FCC Takes Another Step Toward Repeal Of Net Neutrality

  • NPR | by: Alina Selyukh |
  • 2018-02-22
The Federal Communications Commission is working toward officially taking current net neutrality rules off the books. The agency took the requisite formal step of publishing the rules on Thursday, opening the door for lawsuits from a number of state attorneys general and advocacy groups.

Senate Democrats have also been pushing for a special congressional vote to block regulations from going into effect, but have so far been one vote short of overcoming the Republican majority. A similar vote would also face a very high hurdle in the Republican-controlled House of Representatives.

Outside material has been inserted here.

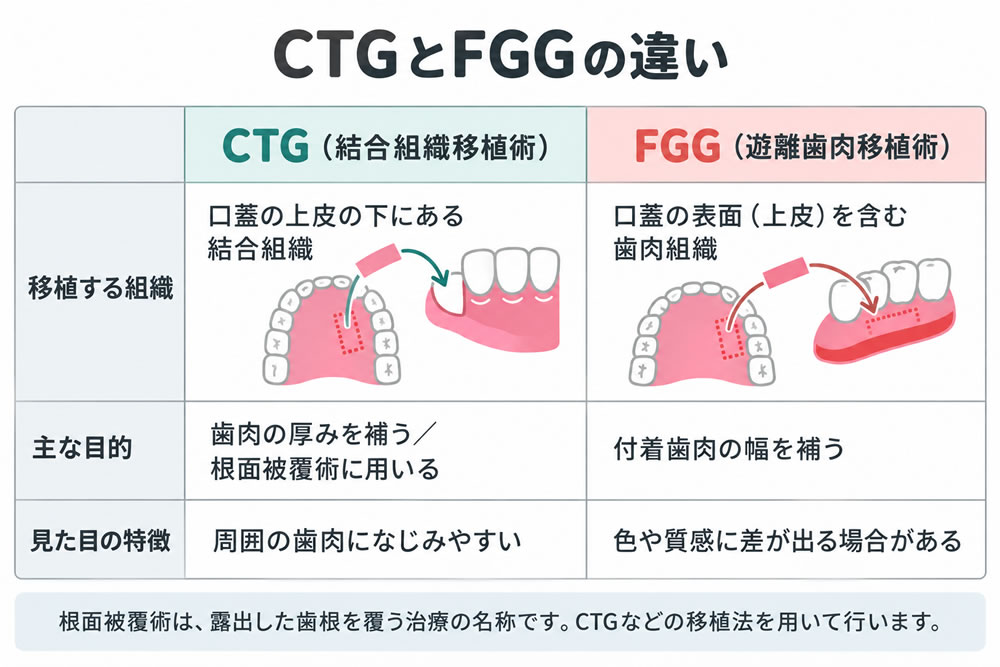 CTGとFGGの比較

The pushback follows the December vote by the Republican-led FCC to repeal Obama-era net neutrality rules, which limit the power of Internet service providers to influence loading speeds for specific websites or apps. The repeal can't take effect until the Office of Management and Budget completes a review of the change.

As NPR has reported, "the rules, put in place in 2015, banned cable and telecom companies from blocking or slowing down any websites or apps. They also prohibited broadband providers from striking special deals that would give some websites or apps 'priority' over others."

The FCC's repeal will allow both blocking and throttling by Internet providers, leaving one requirement intact: that broadband companies — such as Comcast, Verizon and AT&T — have to disclose to users how they handle web traffic. FCC Chairman Ajit Pai has said the Federal Trade Commission should then police violations. The FTC does not pre-emptively regulate them.